Кто-то закинул меня на плечо и понес. Раскачивалась колоколом земля. Пронзительной сверлящей трелью, словно роженица, верещала женщина. Ползла с перебитым хребтом издыхающая Найда. Звероголовый китобой с расстояния трех метров бросал гарпун. Сухарев с неповоротливым удивлением силился рассмотреть широкое острие, вылезшее вдруг из его спины…
Дежнев втащил меня внутрь автобуса:
— Ты как?
— В порядке… — я упал на сиденье.
Рядом на полу лежала Вероника, с задранным ватником и спущенными до лобка ватными штанами. Она зажимала натрое распоротый низ живота. С каждым вдохом сквозь скрюченные пальцы плескало мутной, почти синего цвета, кровью. Обезумевшая Анна затыкала чудовищную рану тряпичным комом.
Гаршенин пытался заволочь в автобус обмякшего Сухарева. Гарпун, пробивший тело насквозь, застревал в узких дверях, и поникшая Сашина голова вздрагивала от толчков.
Автобус дважды сильно накренило и тряхнуло. Снаружи орали чужие голоса. В окна полетели камни, посыпались осколки. Следом за Гаршениным и Выриным запрыгнул на ступеньку Иевлев.
— Да быстрее же! Быстрее! — надсадно кричал он отставшим широнинцам.
— Садитесь в машину! — сорванным шепотом подсказывал Гаршенин.
Я видел, как остатки двух первых ватаг, словно расслышав совет Гаршенина, загнали деревца под днище «Нивы» и опрокинули ее. Бронированный отряд, тот самый, что умело и жестоко расправился с обряженными в желтое крестьянское лыко ульяновскими терпилами, теснил наших товарищей, не давая пробиться к автобусу.
— Не успевают! — бесновался Вырин.
С каждой секундой они отдалялись — Луцис, волокущий Светлану, Таня, крестящая пространство рапирой. Прощально махнул Кручина, предлагая нам продолжать бегство. Озеров и Дзюба срослись спинами в единый неприступный организм боя, жалящий кайлом и рубящий топором. Дорога свернула, и они исчезли из виду…
— Марат Андреевич! — заорал я. — Задний ход!
Визгнули задавленной свиньей тормоза. Инерция скорости сначала вжала меня в кресло, потом швырнула на залитый кровью скользкий пол. Голова Вероники соскочила с колен сестры, посмертно освобожденный от гарпуна Сухарев слетел с сиденья и покатился.
— Марат Андреевич! — надрывался Вырин. Высунувшись в разбитое окно, он указывал на дорогу, где прямо по курсу притаилась новая опасность. Впереди, метрах в ста от буксующего автобуса высился новый завал. Вдвое шире прежнего. Возле массивных, как музейные колонны, стволов копошились вооруженные люди. Спустя мгновение они бежали плотной, ревущей сворой — не меньше пятидесяти разъяренных бойцов…

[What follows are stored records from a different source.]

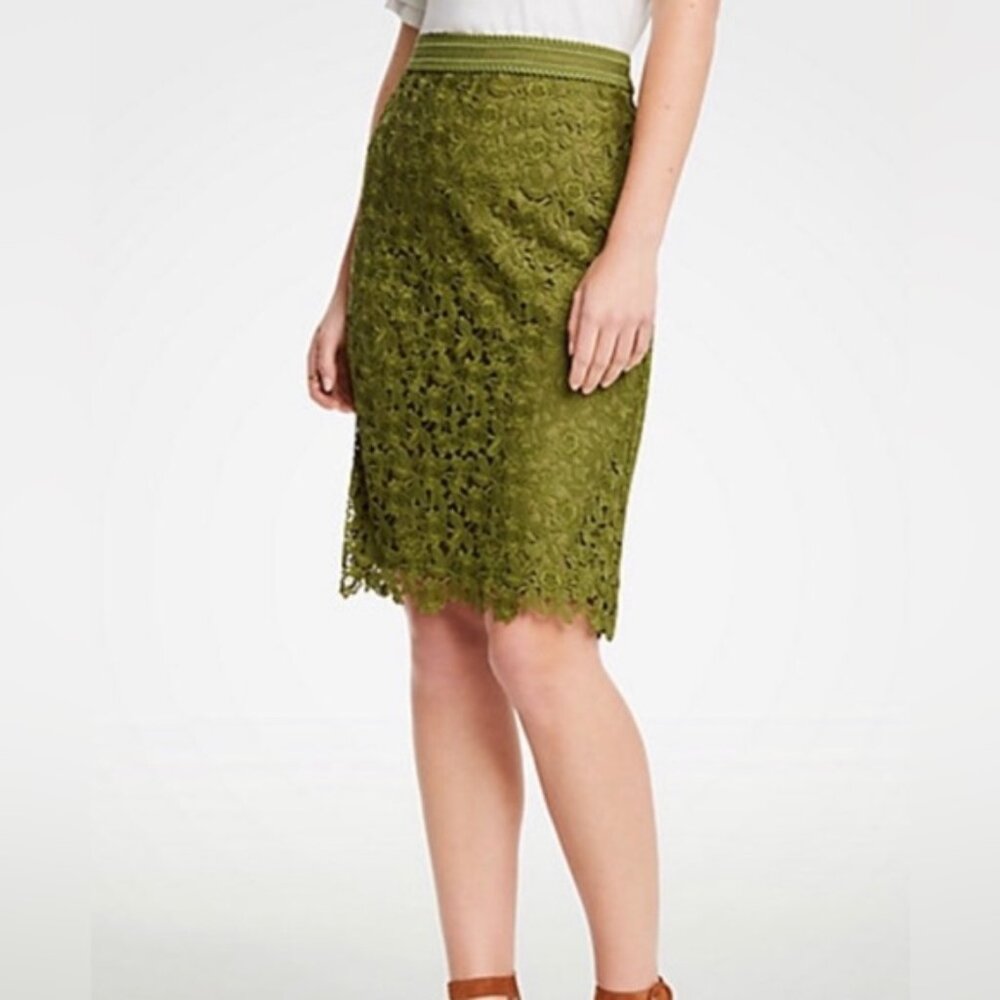 Ann Taylor Green Lace Pencil Skirt Size OP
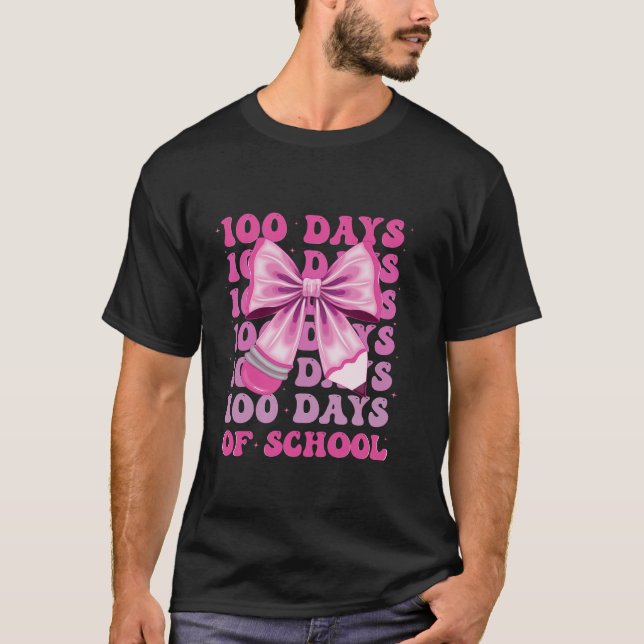 T-shirt 100 Jours d'écolières Coquette Bow 100e Jour de (Devant)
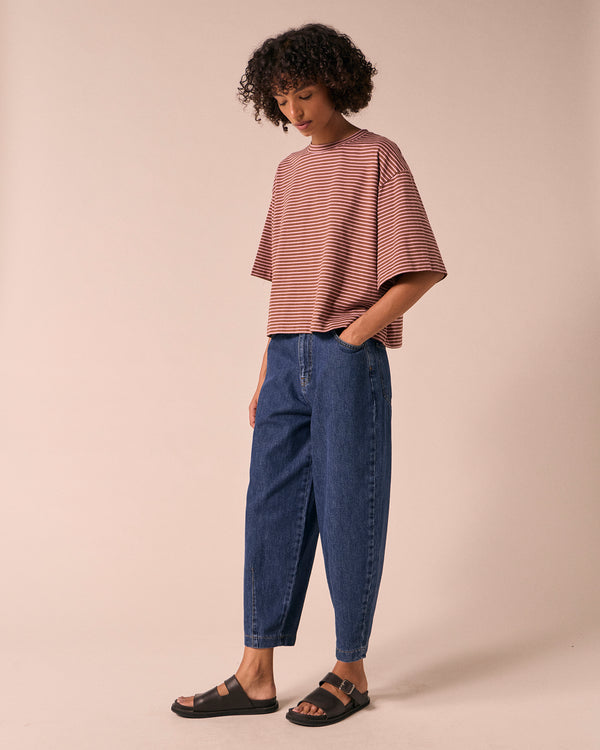 model wears nova toffee and rose pink stripe jersey top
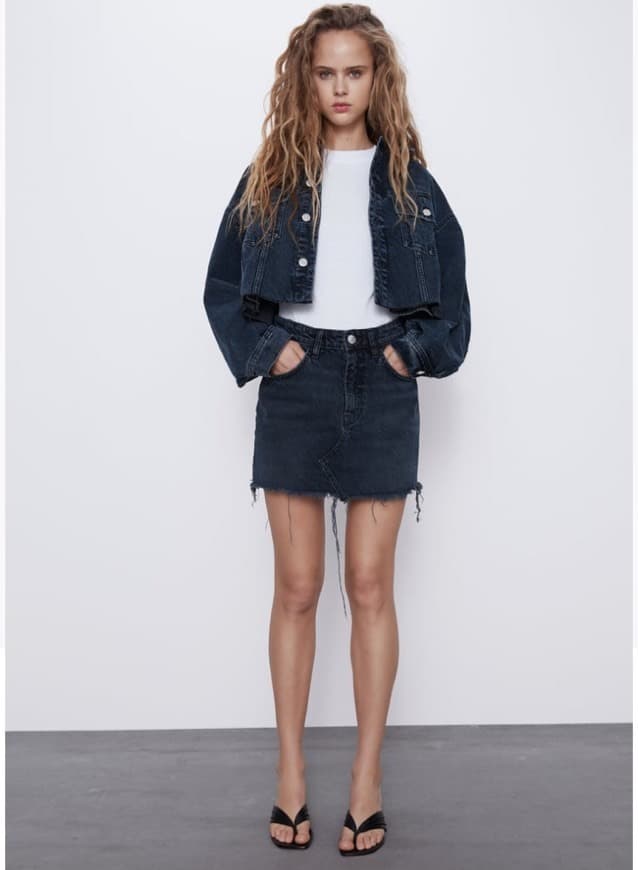 Product Blusão oversize denim cropped 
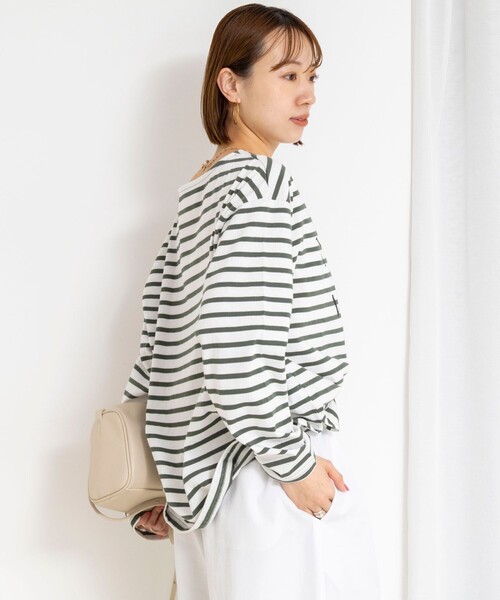 NOLLEY’S(ノーリーズ)の「【WEB限定】ウォッシャブルボーダープリントロンTee(Tシャツ/カットソー・レディース・グリーン系その他3/ブルー系その他7/ホワイト系その他4・FREE)」の21枚目の写真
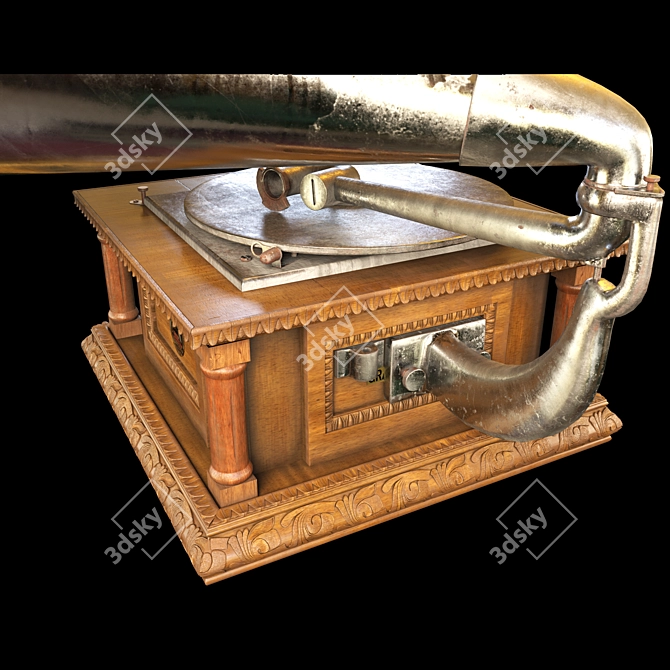 Vintage Gramophone: His Master's Voice 3D model image 10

— Марат Андреевич, давайте обратно! — завопил я. — Подбираем наших, и к сельсовету! Разворачиваемся!
Выпуклое автобусное рыло с разгона врезалось в спины врагов. Могучий удар выплеснул на лобовое стекло распластанное тело, как бык подбросил в воздух второе, взмахнувшее тряпичными руками.
Гаршенин на манер весла выставил в разбитое окно косовище. Черненое лезвие рассекло панцирное туловище. Николай Тарасович и Анна высадились парным десантом и теперь гвоздили противника направо и налево. Вырин, держась за дверной поручень, до брызг рубил саперной лопаткой. Строй рассыпался, враги в панике метнулись к обочинам. Тут я увидел широнинцев. Их было всего четверо. Кручина в иссеченной кирасе и мятой пожарной каске, из бедра торчал тонкий дротик, похожий на дрожащую антенну. Танины волосы срослись в кровавые жесткие косицы, рваная точащая рана перечеркнула бледный лоб. Дзюба опустил кайло и прикрылся рукой, как если бы ему в глаза бил ослепительный луч. Озеров отшатнулся, будто увидел запрещенное диво.
— Зачем?! — спустя миг простонал Игорь Валерьевич. — Теперь же все подохнем!
В Таниных глазах читался укор. Она тоже не желала нашего возвращения. Залитые кровью, точно с них содрали кожу, лица Дзюбы и Озерова изобразили отнюдь не радость, а недоуменное отчаяние. Ни на что не надеясь, не осуждая, они готовились ценой своих жизней подарить нам возможность спасения, а мы помешали их плану.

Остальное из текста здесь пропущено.